`LogStorageAppender` Actor occupies an Actor Thread forever due to a full backpressue queue #8540

romansmirnov · 2022-01-06T13:13:12Z

Describe the bug

The LogStorageAppender subscribes to the write buffer (i.e., Dispatcher) to read from it and to append the available fragments to the LogStorage:

https://github.com/camunda-cloud/zeebe/blob/73e5c7be9f453e30b5aebc07aae322ee5f82b11e/logstreams/src/main/java/io/camunda/zeebe/logstreams/impl/log/LogStorageAppender.java#L151-L154

However, before appending to the LogStorage, the LogStorageAppender tries to acquire a "token" from a limiter (i.e., backpressure queue), and only if a token got acquired it appends to the LogStorage (and the read fragments are marked as read in the write buffer). On the other side, if no token got acquired, the fragments are not appended to the LogStorage (and the fragments are still marked as not read in the write buffer):

https://github.com/camunda-cloud/zeebe/blob/73e5c7be9f453e30b5aebc07aae322ee5f82b11e/logstreams/src/main/java/io/camunda/zeebe/logstreams/impl/log/LogStorageAppender.java#L119-L136

So whenever some fragments are available on the write buffer, the Actor LogStorageAppender is submitted to the broker thread group's task queue so that a broker thread can execute this Actor eventually. When executing this Actor, it checks whether there are some fragments are available on the write buffer:

https://github.com/camunda-cloud/zeebe/blob/73e5c7be9f453e30b5aebc07aae322ee5f82b11e/util/src/main/java/io/camunda/zeebe/util/sched/channel/ChannelConsumerCondition.java#L43-L48

and if there are some fragments available, it will execute the corresponding Actor Job (i.e., read from the write buffer and try to append to the LogStorage).

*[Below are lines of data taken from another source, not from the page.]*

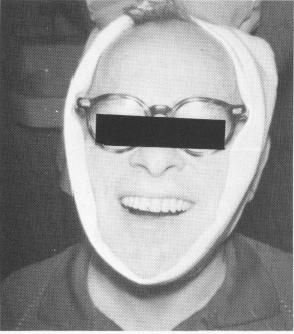 1 Ice packs inside towel in neck & chin area & tied around top of head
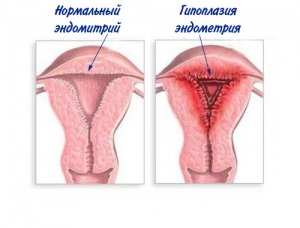 Hipoplazia uterului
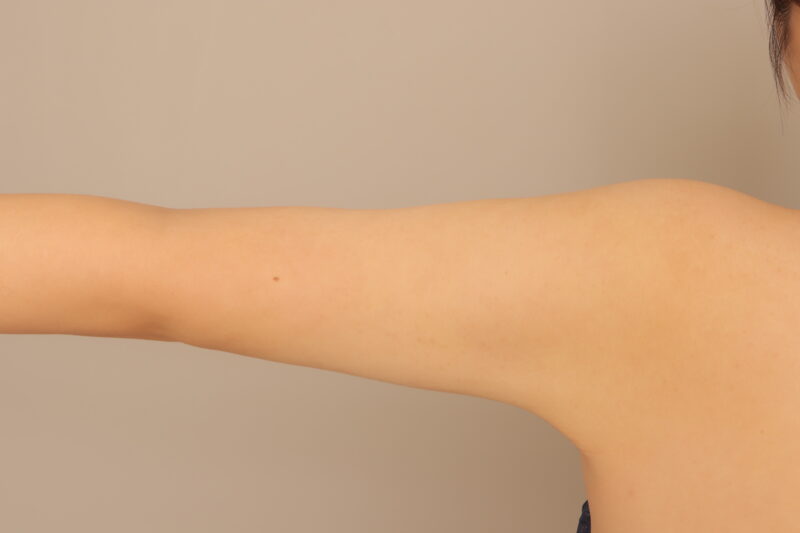 上腕全周の脂肪吸引で別人級の二の腕に♡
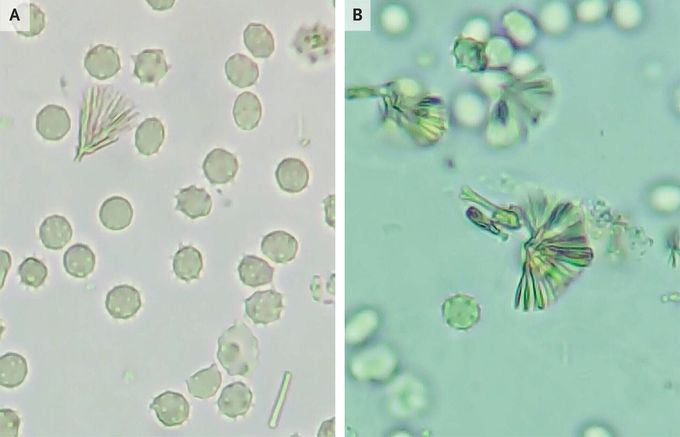 Sulfonamide Crystals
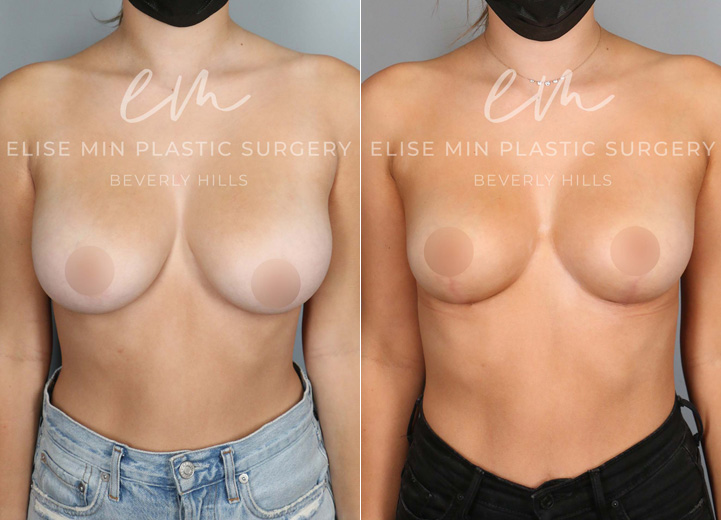 This is a 22 year-old woman with 32DD breasts who felt that her breasts did not match her petite torso. She was experiencing neck and back pain and ideally wanted to be a C cup. The patient underwent a small breast reduction (130g removed from each breast), which included a breast lift procedure. She had the procedure done using a minimal scar approach with a lollipop incision. This is a good example that every breast reduction patient receives a breast lift procedure to achieve perkier breasts.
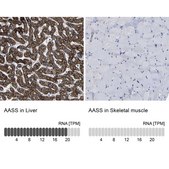 抗-AASS 兔抗 Prestige Antibodies® Powered by Atlas Antibodies, affinity isolated antibody, buffered aqueous glycerol solution, Ab2
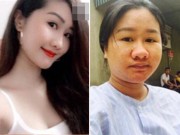 Bà bầu - Nỗi lòng mẹ trẻ xinh đẹp bỗng xấu tột độ vì mang bầu đang được nghìn người chia sẻ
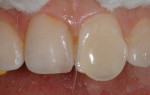 Figure 16 A final layer of clear translucent incisal composite was applied.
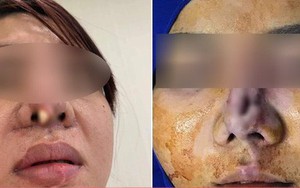 Góc kinh dị: Bà mẹ trẻ đi nâng mũi, nhưng bị lòi cả sụn ra ngoài khiến hội chị em hoang mang sợ hãi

The actor job is executed as long as ChannelConsumerCondition#poll() returns true.

In a scenario, where the appender's backpressure queue is full (i.e., no token can be acquired from the limiter), the Actor Thread keeps executing the actor job because ChannelConsumerCondition#poll() still returns true. And as long as the backpressure is not emptied the Actor Thread will continue executing that job forever.

For example, this can happen in the following case:

For a certain partition - where the broker is the leader, the appender's backpressure queue is full (so that no token can be acquired from the limiter)
The Actor Thread executes the LogStorageAppenders actor job, i.e., it reads from the write buffer and tries to append the LogStorage (and ChannelConsumerCondition#poll() returns always true, but no token can be acquired)
For the same partition, the Raft layer transitions from leader to follower. This submits an Actor Task to ensure that the Zeebe application layer transitions to follower as well (i.e., to ensure that corresponding services are stopped and started).
The submitted Actor Task gets assigned to the same thread task queue as the LogStorageAppender is already in.

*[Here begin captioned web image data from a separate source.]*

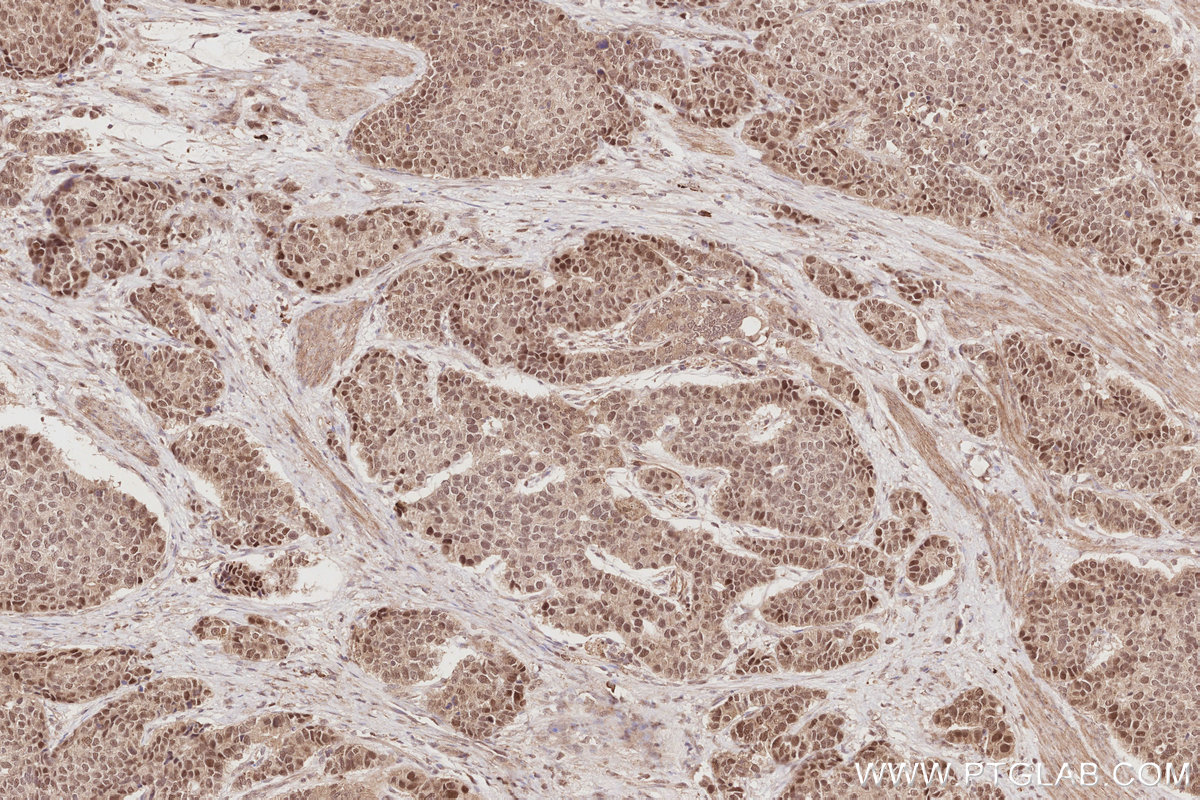 Immunohistochemical analysis of paraffin-embedded human stomach cancer tissue slide using KHC2879 (CDC2L6 IHC Kit).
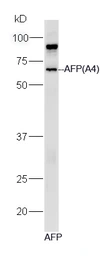 Anti-Alpha fetoprotein / AFP antibody [A4] used in Western Blot (WB). GTX60215
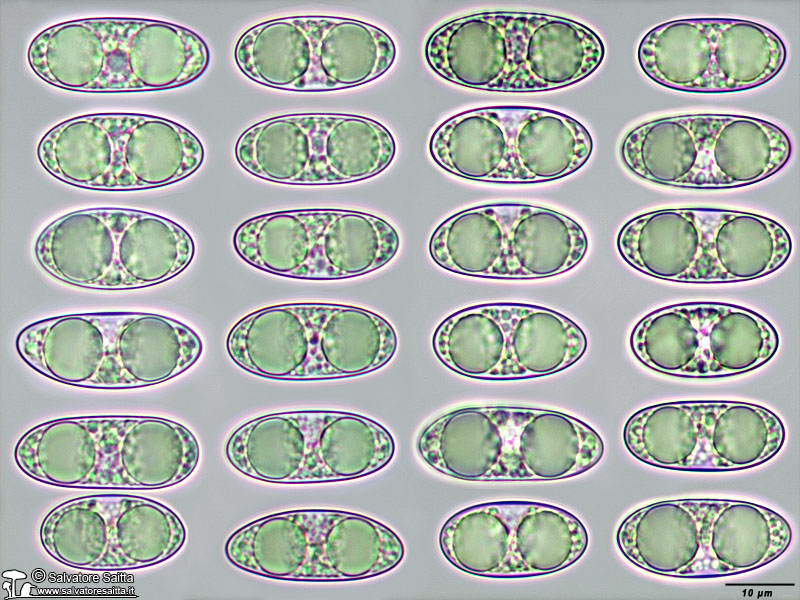 Tarzetta oblongispora spore foto 1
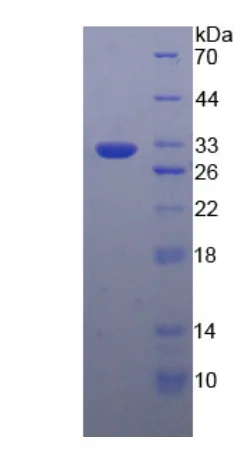 SDS-PAGE - Recombinant Human GPBB protein (Tagged) (AB275562)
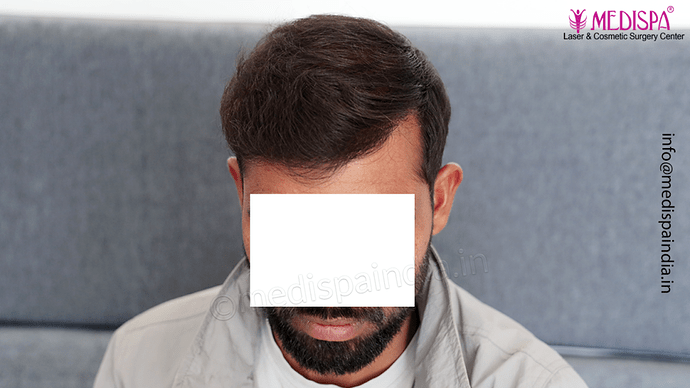 Dr. Suneet Soni - 5360 Grafts | 12-Month Result | Combination FUT + FUE + Beard photo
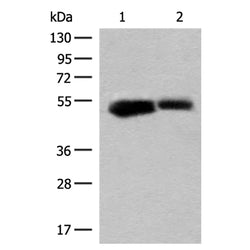 GLUD1 rabbit polyclonal antibody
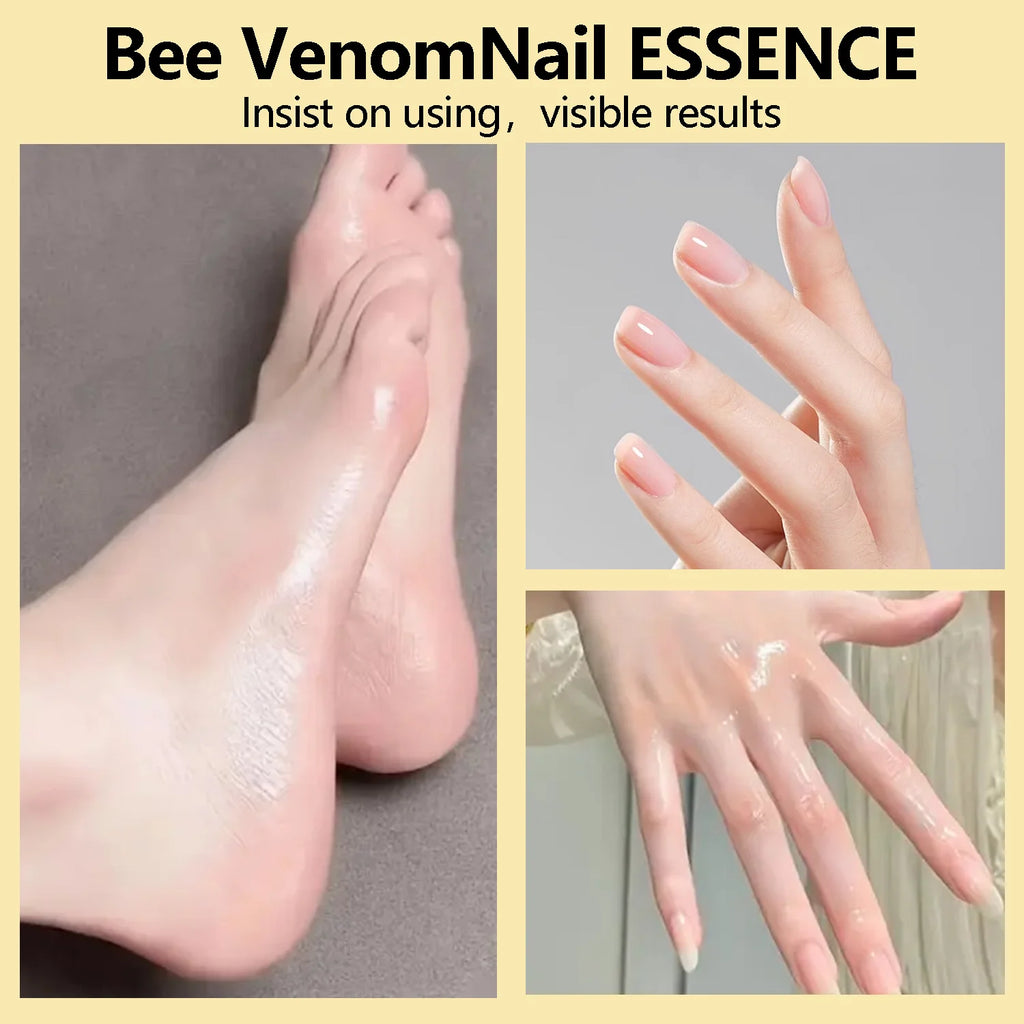 7X Fast Bee Venom Nail Essence – Nail Care, All Skin Types Nail Care Essence Oasis Select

As a consequence, the submitted Actor Task to transition to follower on the Zeebe application layer won't be executed, because the Actor Thread is already occupied by the LogStorageAppender Actor which never releases the Actor Thread.

Note: This may also happen in other scenarios in which no leader change happens.

What is the impact of that issue?

In the worst case, it can happen that all Actor Threads are occupied by such Actor's (but for different partitions). This results in:

The broker being stuck in those Actor Jobs and never being able to make progress with any other Actor
Growing Actor Job Queues, as long as others (e.g., Raft) are able to submit jobs to the Actor Job Queues. That may result in OOMs.
...

Expected behavior
The LogStorageAppender Actor releases the Actor Thread so that other Actor Jobs can be executed.

Possible Solutions

When no token can be acquired because the backpressure queue is full, then resubmit the Actor Task to the actor thread task queue.
When executing ChannelConsumerCondition#poll() take the backpressure queue into account.

Environment:

Zeebe Version: 1.3.0

related to https://jira.camunda.com/browse/SUPPORT-11966

The text was updated successfully, but these errors were encountered:

Zelldon · 2022-01-07T15:56:24Z

I played today a bit around with metrics and actor and maybe if you know how to reproduce it this could help to see this. Currently it doesn't look like this happens in normal runs.

This graph shows how often a certain actor is called in a second.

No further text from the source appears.